Red Cross is urging your family safe to stay this summer with these few simple tips and by contacting the local chapter to obtain additional information on water safety:
• Learn to swim well. Contact the Red Cross for information on learning how to swim—nearly 2 million people learn to swim each year with Red Cross programs.
• Never leave children unattended near water—not even for a moment! Adults should practice “reach supervision,” which means to always be within arm’s length when a young child is near water. For older children–even adults– who are not strong swimmers, practice “active” or constant supervision and make sure they wear U.S. Coast Guard approved personal flotation devices (PFDs) whenever in or around the water.

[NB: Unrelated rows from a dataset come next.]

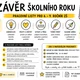 Závěr školního roku 2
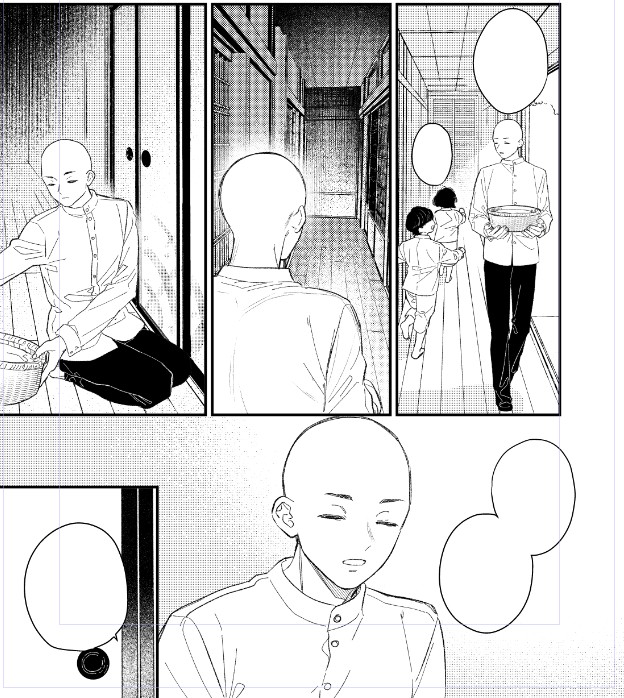 ここだけ見るとどーま君の本だってわからないね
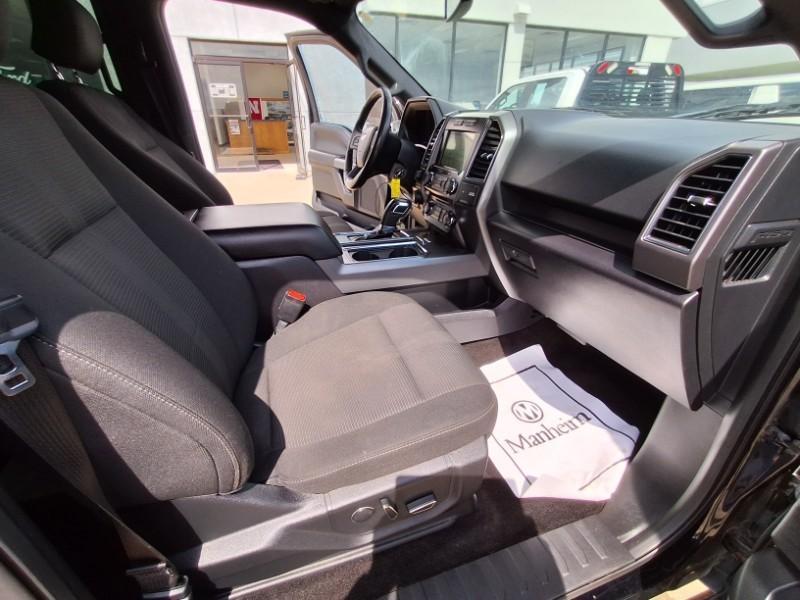 used 2017 Ford F-150 car, priced at $24,995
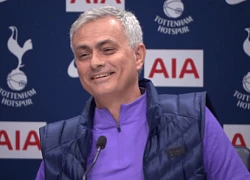 Mourinho tiết lộ bí quyết: "Tôi chỉ cần là một phiên bản mềm mại của chính mình"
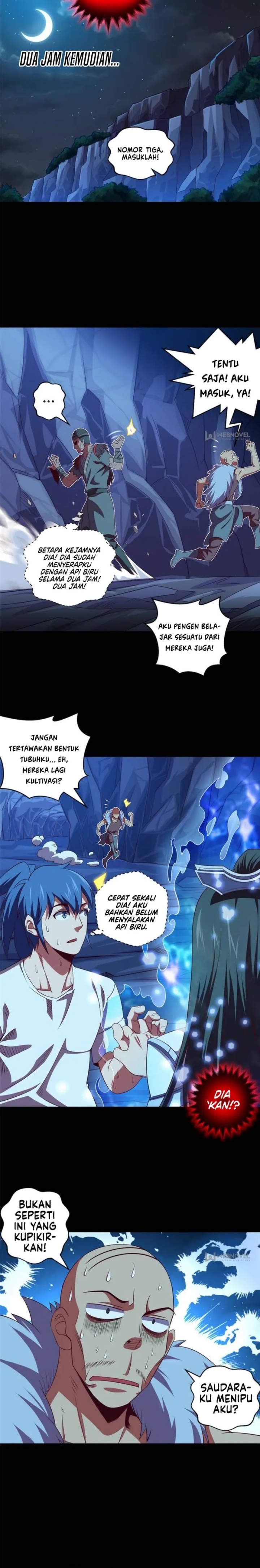 Dilarang COPAS - situs resmi www.mangacanblog.com - Komik doomed to be a king 071 - chapter 71 72 Indonesia doomed to be a king 071 - chapter 71 Terbaru 10|Baca Manga Komik Indonesia|Mangacan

• Know how to respond to an emergency. You should know how to tell if a swimmer is in distress or is drowning and how and when to call for emergency help. You should also learn how to help someone in trouble in water while keeping safe yourself. Do not create a situation where you become a victim as well! Enroll in Red Cross water safety, first aid and CPR courses to learn what to do.
• Keep lifesaving gear handy. Always have on hand a ring buoy, life jacket, rope, pole or other object that can be used to help a person in trouble. Remember to have a first aid kit, cordless phone and emergency contact information by the pool.
• Know when it’s too dangerous. If you, or someone you are swimming with, appear to be too cold, too far from safety, been exposed to too much sun, or had too much strenuous activity, it is time to head for shore or signal for help.
• Eliminate temptation. Backyard pools should have self-closing, self-latching gates that remain locked when the pool is not being used. Kiddie pools should be emptied and toys removed immediately after use. Empty water pales and buckets so small children cannot fall in and drown.
• Know what you’re getting into. Check local tides, currents and other conditions which could be dangerous before entering open bodies of water.